ASSIGNED TASK -> Reproduce the material below only from the line with "Maria Valtorta Koniec" to the line with "The Black and Gold Wolf Glove Clip", both included, keeping each line exact and dropping the pictures.

SOURCE DATA ->
◆ ◆ ◆ ◆ ◆
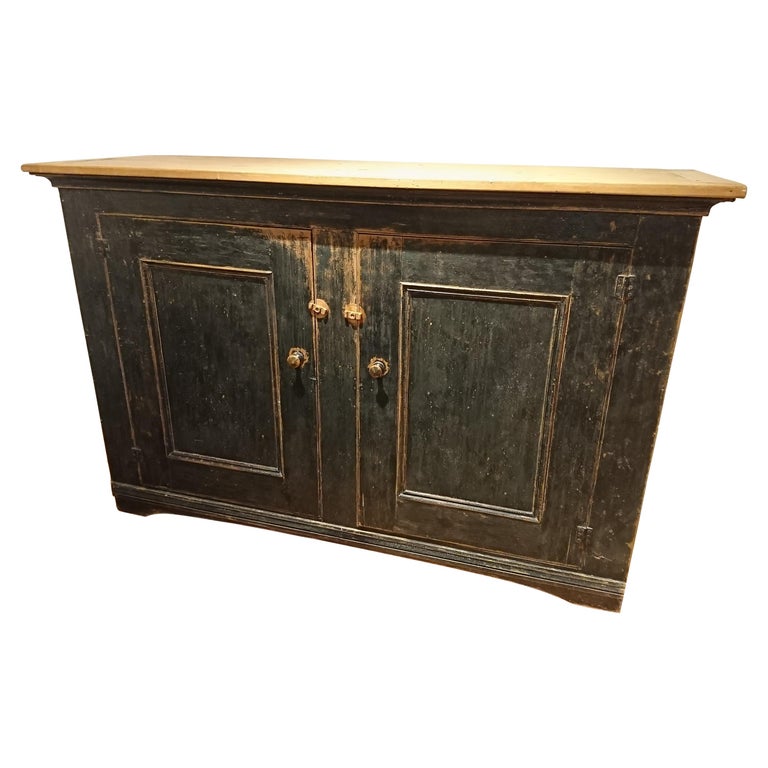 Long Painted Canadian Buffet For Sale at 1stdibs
◆ ◆ ◆ ◆ ◆
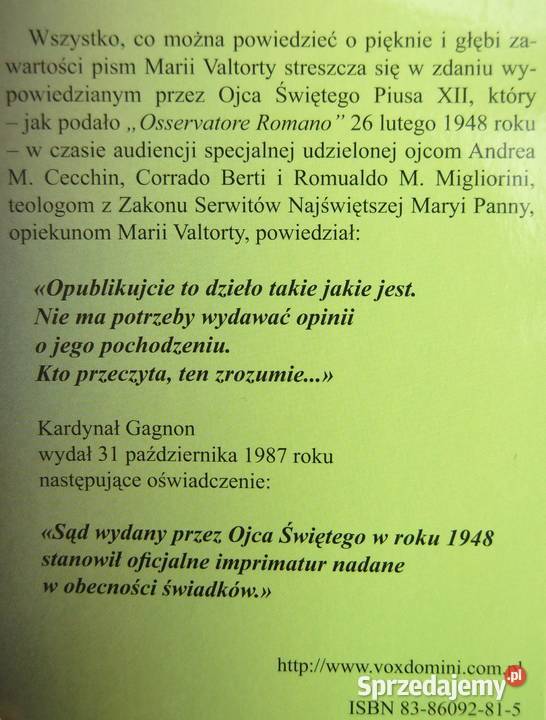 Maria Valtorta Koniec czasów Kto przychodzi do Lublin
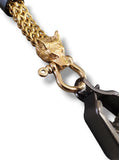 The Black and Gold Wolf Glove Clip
◆ ◆ ◆ ◆ ◆
SOLUTION TO THIS EXERCISE ->
 Maria Valtorta Koniec czasów Kto przychodzi do Lublin
 The Black and Gold Wolf Glove Clip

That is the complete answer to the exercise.